(Supplied material Opens)
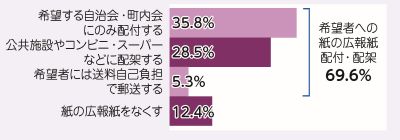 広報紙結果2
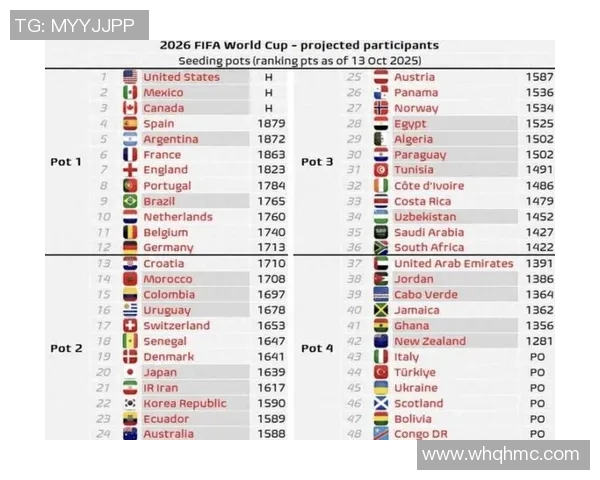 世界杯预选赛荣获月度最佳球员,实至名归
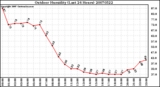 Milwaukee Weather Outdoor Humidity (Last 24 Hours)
(Supplied material Closes)
(Supplied material Opens)
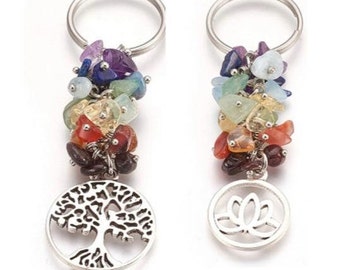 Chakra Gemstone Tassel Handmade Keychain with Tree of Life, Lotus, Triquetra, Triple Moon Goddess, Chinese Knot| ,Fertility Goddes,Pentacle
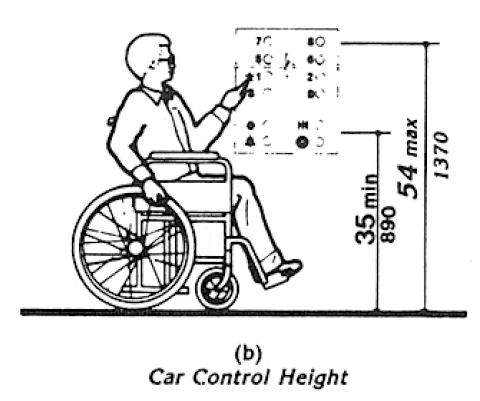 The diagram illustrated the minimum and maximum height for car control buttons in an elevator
(Supplied material Closes)
## Work item:
Having found the line with "世界杯预选赛荣获月度最佳球员,实至名归" and the line with "Milwaukee Weather Outdoor" in the material above, write out exactly those two and every line between, leaving the pictures out.

## Exercise response:
 世界杯预选赛荣获月度最佳球员,实至名归
 Milwaukee Weather Outdoor Humidity (Last 24 Hours)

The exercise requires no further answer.